Webhooks for Errors and Duplicates — Stop Polling
By Mapping Engineering
If you operate a hotel mapping pipeline, you probably already have a workflow for reporting bad matches. A row is mapped to the wrong reference hotel, your ops team files a mismatch, our team investigates, and eventually the mapping is corrected.
Today, you find out it was fixed by polling. You scan our API, you scan our admin UI, you wait for an email. None of that scales when you have hundreds of in-flight reports.

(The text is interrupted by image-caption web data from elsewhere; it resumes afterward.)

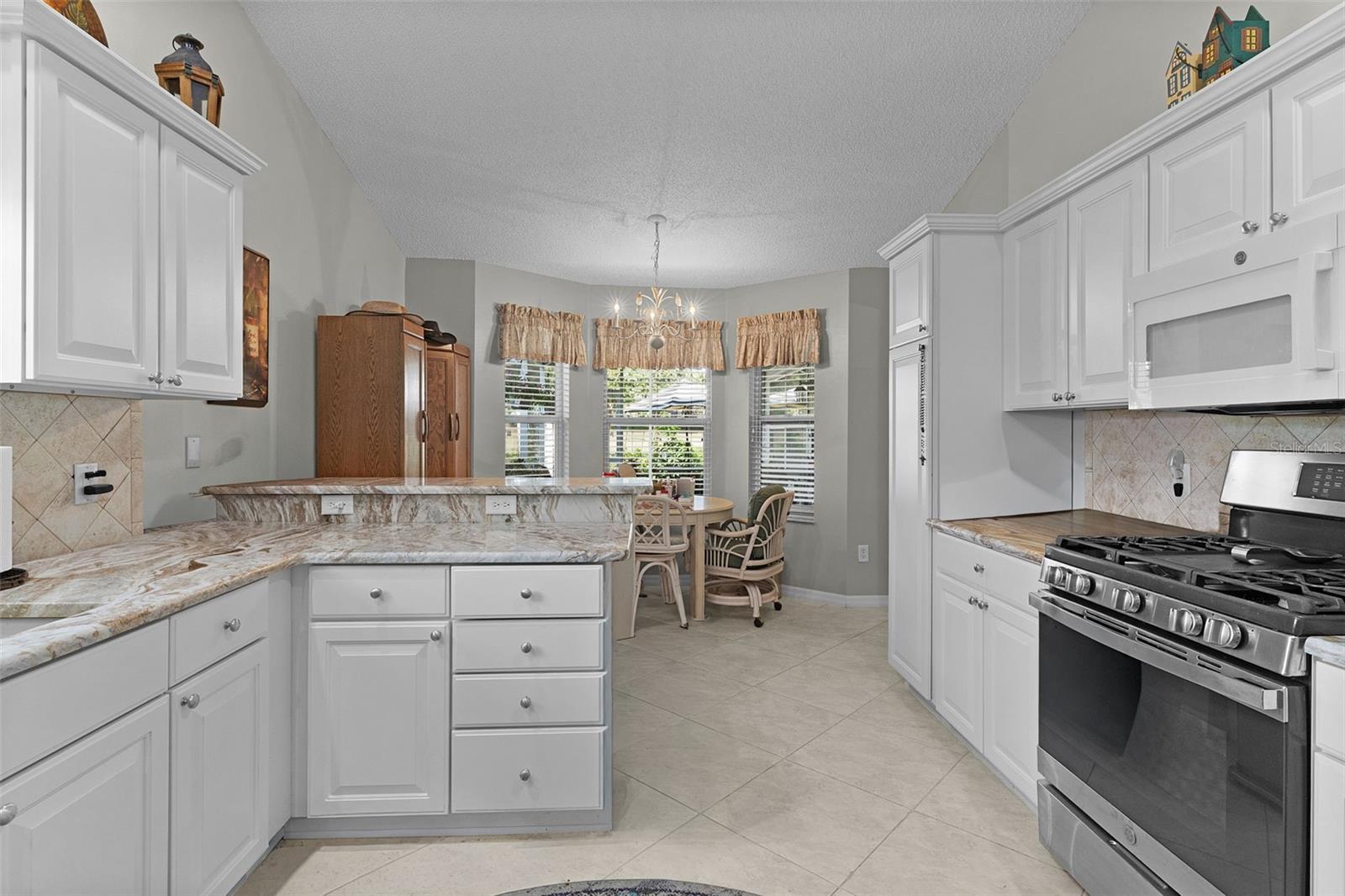 16846 SE 80TH BELLAVISTA CIR, THE VILLAGES, FL — photo 15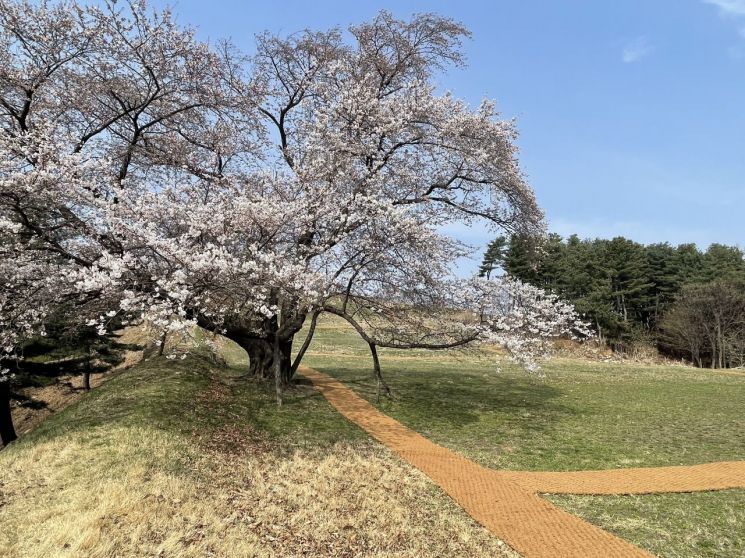 아차산 왕벚나무. 광진구 제공.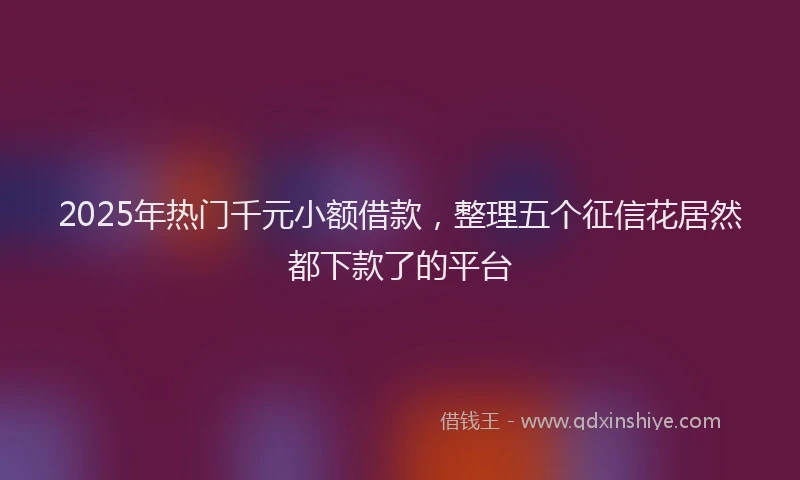 2025年热门千元小额借款，整理五个征信花居然都下款了的平台
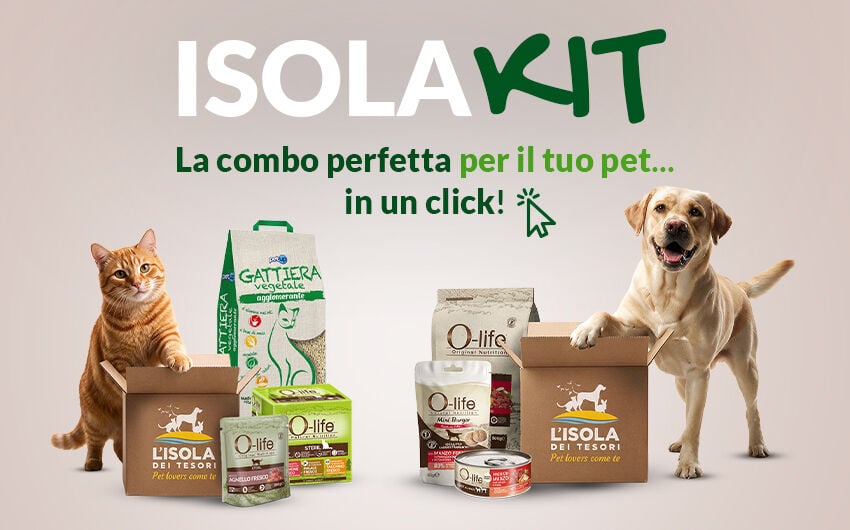 Scopri ora tutti i KIT!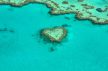 Rise of the robo-coral: 3D printing in conservation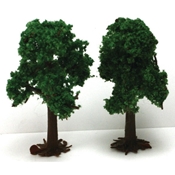 3" to 4" Light Green Deciduous Trees 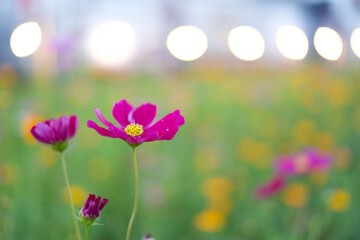 Purple cosmos  against the green blur leaves background and bokeh. A natural Cosmos field and beautiful landscape with copy space.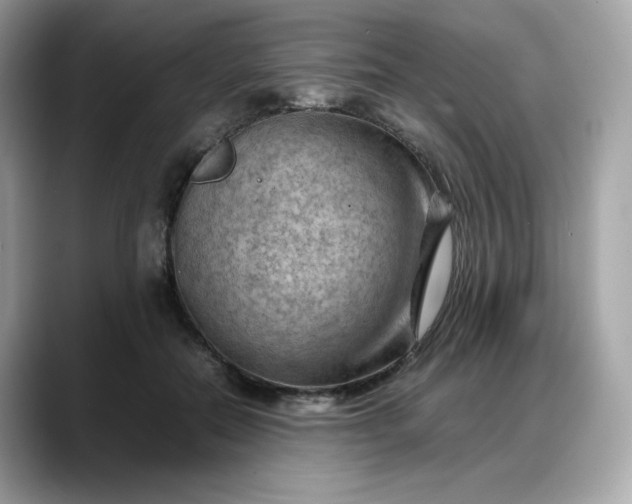 X0000088370554200706051043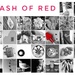 Flash of Red 2020  by salza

Starting today, Pro and above customers can subscribe to two new webhook events:
mapping.error.resolved— fires when a mismatch report you filed is closed.inventory.duplicate.resolved— fires when a duplicate report is closed on a reference hotel any of your mappings point to, even if you didn't report it.
The Shape of an Event
Every webhook delivery is a JSON envelope:
{
"id": "9a2c0f0a-…",
"eventId": "5e1b…",
"type": "mapping.error.resolved",
"apiVersion": "2026-06-01",
"occurredAt": "2026-06-01T12:34:56Z",
"organizationId": "org_…",
"data": {
"reportId": "…",
"partnerInventoryId": "…",
"partnerHotelId": "EXP-12345",
"referenceHotelId": "ref_…",
"resolution": "FIXED",
"resolvedAt": "2026-06-01T12:34:56Z"
}
}
The id field is the delivery attempt — it changes on every retry. The eventId is stable across retries and is your idempotency key.
Signing
Every request carries three headers:
X-Webhook-Signature: t=1717250400,v1=<hex_hmac_sha256(secret, "1717250400." + body)>
X-Webhook-Event: mapping.error.resolved
X-Webhook-Delivery: <delivery uuid>
Verify in your handler with HMAC-SHA256 against the secret we showed you exactly once at create time. If the timestamp is more than five minutes from your server clock, reject — it's a replay.
Retries
If your endpoint returns a non-2xx response, we retry 3 more times at 1 minute, 5 minutes, and 30 minutes. After the fourth failure the delivery is marked DEAD and recorded in audit. No silent failures.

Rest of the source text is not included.